Davis writes that Bostrom assumes “that a large gain in intelligence would necessarily entail a correspondingly large increase in power.” This is again too strong. (Or it’s trivial, if we’re using the word “intelligence” to pick out a specific kind of power.)

Bostrom is interested in intelligence for its potential to solve practical problems and shape the future. If there are other kinds of intelligence, they’re presumably of less economic and strategic importance than the “cognitive superpowers” Bostrom describes in chapter 6. It is the potential power autonomous machines could exhibit that should primarily concern us from a safety standpoint, and “intelligence” seems as good a term as any for the kind of power that doesn’t depend on an agent’s physical strength or the particularities of its environment.

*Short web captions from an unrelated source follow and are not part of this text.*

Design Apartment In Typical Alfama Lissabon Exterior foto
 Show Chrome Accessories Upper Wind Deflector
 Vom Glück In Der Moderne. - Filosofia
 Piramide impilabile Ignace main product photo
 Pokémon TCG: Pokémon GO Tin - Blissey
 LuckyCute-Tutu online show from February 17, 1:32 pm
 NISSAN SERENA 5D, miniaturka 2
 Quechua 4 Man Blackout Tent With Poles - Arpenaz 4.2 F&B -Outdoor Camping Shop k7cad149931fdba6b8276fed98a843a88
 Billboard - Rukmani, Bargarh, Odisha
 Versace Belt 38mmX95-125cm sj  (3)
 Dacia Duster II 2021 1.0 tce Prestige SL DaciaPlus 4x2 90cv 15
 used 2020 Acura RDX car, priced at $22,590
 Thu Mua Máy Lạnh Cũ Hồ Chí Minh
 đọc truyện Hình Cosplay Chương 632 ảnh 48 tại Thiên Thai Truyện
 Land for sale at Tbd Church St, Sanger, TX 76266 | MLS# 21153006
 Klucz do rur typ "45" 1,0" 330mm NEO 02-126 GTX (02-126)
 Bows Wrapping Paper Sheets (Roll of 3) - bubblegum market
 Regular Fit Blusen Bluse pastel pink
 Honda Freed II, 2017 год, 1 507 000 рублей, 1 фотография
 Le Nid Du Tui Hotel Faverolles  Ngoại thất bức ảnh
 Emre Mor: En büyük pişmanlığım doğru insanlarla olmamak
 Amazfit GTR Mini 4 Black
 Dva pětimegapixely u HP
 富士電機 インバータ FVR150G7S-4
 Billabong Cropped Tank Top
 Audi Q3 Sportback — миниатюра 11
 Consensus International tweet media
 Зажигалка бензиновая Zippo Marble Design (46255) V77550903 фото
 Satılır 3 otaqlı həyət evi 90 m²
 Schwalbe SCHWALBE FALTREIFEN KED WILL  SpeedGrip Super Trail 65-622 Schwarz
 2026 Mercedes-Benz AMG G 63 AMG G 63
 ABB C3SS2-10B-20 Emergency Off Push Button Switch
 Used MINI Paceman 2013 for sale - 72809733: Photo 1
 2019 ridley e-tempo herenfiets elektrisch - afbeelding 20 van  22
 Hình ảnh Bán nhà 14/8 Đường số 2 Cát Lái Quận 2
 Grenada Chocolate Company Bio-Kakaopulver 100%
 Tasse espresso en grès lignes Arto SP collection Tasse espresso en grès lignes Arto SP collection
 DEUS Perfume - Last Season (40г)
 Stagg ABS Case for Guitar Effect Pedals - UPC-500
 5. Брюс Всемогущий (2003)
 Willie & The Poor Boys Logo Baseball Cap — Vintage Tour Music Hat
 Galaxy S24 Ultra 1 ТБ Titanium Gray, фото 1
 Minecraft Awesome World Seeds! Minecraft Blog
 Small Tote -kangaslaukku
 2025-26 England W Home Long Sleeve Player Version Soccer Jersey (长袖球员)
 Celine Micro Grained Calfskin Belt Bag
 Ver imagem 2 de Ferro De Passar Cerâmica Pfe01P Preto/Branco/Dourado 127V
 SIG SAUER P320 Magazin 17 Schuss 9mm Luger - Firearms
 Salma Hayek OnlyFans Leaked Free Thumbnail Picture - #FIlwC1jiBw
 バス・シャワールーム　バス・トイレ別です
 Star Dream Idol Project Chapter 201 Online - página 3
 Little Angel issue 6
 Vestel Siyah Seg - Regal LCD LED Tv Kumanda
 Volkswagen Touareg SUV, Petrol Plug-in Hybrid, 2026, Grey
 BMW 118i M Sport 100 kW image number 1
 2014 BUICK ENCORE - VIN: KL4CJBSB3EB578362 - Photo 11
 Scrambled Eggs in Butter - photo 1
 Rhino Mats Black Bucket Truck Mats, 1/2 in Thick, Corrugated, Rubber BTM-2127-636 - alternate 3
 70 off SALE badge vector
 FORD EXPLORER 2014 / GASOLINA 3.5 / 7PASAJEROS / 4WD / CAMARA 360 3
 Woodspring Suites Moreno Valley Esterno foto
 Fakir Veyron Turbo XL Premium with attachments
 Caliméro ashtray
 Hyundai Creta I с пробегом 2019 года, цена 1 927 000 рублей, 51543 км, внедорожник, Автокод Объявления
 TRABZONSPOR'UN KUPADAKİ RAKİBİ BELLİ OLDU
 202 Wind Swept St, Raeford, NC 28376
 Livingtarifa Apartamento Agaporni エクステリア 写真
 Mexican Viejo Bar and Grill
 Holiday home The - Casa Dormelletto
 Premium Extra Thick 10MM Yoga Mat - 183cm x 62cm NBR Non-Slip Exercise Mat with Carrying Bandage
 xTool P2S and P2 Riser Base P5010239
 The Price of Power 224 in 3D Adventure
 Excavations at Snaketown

When it comes to Bostrom’s intelligence explosion thesis, I don’t think ‘does an increase in intelligence always yield a corresponding increase in power?’ gets at the heart of the issue. Consider David Chalmers’ version of the argument:

[I]t is not unreasonable to hold that we can create systems with greater programming ability than our own, and that systems with greater programming ability will be able to create systems with greater programming ability in turn. It is also not unreasonable to hold that programming ability will correlate with increases in various specific reasoning abilities. If so, we should expect that absent defeaters, the reasoning abilities in question will explode.

Here, there’s no explicit appeal to “intelligence,” which is replaced with programming ability plus an arbitrarily large number of “specific reasoning abilities.” Yet if anything I find this argument more plausible than Bostrom’s formulation. For that reason, I agree with Bostrom that the one-dimensional representation of intelligence is inessential and “one could, for example, instead represent a cognitive ability profile as a hypersurface in a multidimensional space” (p. 273). (( Still more fine-grained versions of the same argument may be possible. E.g., “programming ability” might decompose into multiple abilities, such as the ability to efficiently explore search spaces for code that meets constraints and the ability to efficiently test candidate code. ))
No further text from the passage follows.